Using Colloquial single sign-on with Azure AD/Entra ID
Note: This can only be set up by the admin user in both Azure AD and your Colloquial account.
Colloquial's Single Sign-On (SSO) feature integrates with Azure AD to ensure that your team can access Colloquial easily using your identity provider.
Install an Enterprise App and assign a user
The first step for you to set up Colloquial single sign-on with Azure AD/Entra ID is to install an app. Go to your Azure Portal and, in Azure AD/Entra ID, add a new application.

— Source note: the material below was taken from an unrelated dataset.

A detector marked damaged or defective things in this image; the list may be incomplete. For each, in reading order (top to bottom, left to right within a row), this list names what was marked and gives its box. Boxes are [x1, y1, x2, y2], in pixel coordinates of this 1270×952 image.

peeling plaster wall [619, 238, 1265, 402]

To do this, go to the sidebar on the left-hand side of the page, and select "Enterprise applications - Create your own application".

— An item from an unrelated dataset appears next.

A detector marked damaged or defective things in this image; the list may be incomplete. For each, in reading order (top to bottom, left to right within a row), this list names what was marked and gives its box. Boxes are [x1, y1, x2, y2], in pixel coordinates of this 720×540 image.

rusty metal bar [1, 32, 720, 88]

You can name the app as you wish, Colloquial SAML in the example below. Next, click "Create".
Click into your new app in Azure AD/Entra ID, and add yourself to the app by clicking on the "Assign users and groups" option. To start, add yourself to the account.
Note: The first user added to Azure AD/Entra ID should be an admin user in Colloquial and Azure AD/Entra ID
Configuring SSO
Once you have added yourself to the application, click on the Single-sign-on-option > SAML.

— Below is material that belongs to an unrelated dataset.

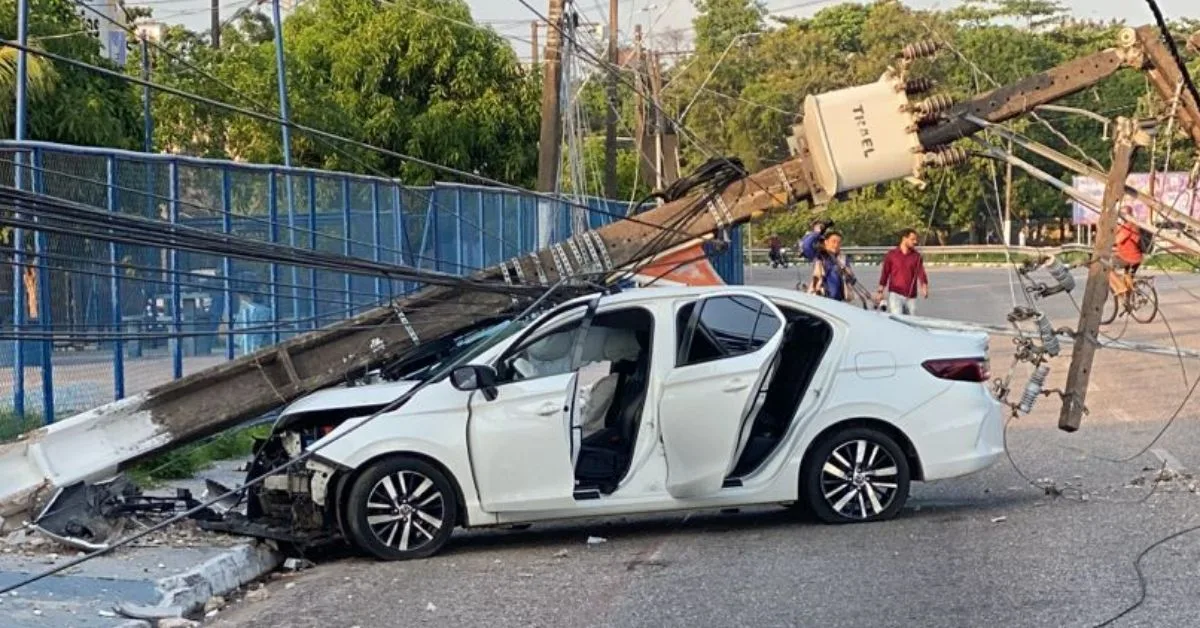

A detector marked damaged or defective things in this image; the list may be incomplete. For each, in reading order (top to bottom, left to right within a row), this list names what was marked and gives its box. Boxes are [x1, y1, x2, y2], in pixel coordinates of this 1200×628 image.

In your Colloquial account, go to Settings > Security and SSO.
In Colloquial, choose an Organisational Slug and save..
In Azure AD/Entra ID, go to the Single-Sign-On > SAML section of your Colloquial Enterprise App settings and copy and paste the values from your Colloquial web app settings page.
You should first match the values from the Entity ID in Colloquial to the Azure AD/Entra ID Identifier (Entity ID), as well as Colloquial's Reply URL to Azure AD/Entra ID's Reply URL.
Validate Colloquial's SAML Attributes Mapping matches Attributes & Claims.
Next, you will need to download the Certificate (Base64) from Azure AD. Once downloaded, open the certificate in any text editor and copy and paste the text to the X.509 certificate field in your Colloquial SSO settings page.
You will then need to copy your Login Url from Azure to the Your Identity Provider (IdP) URL in Colloquial. Download the certificate as Base64 and copy this into the X.509 Certificate field.
Test your Single Sign-On by browsing to the Organisation Single Sign-On (SSO) URL (see top of page) and testing logon for the user specified in step one.
https://app.colloquial.io/login/‹organisation-slug›/saml
If the test completed successfully, add all users which are authorised to use Colloquial to User and Groups.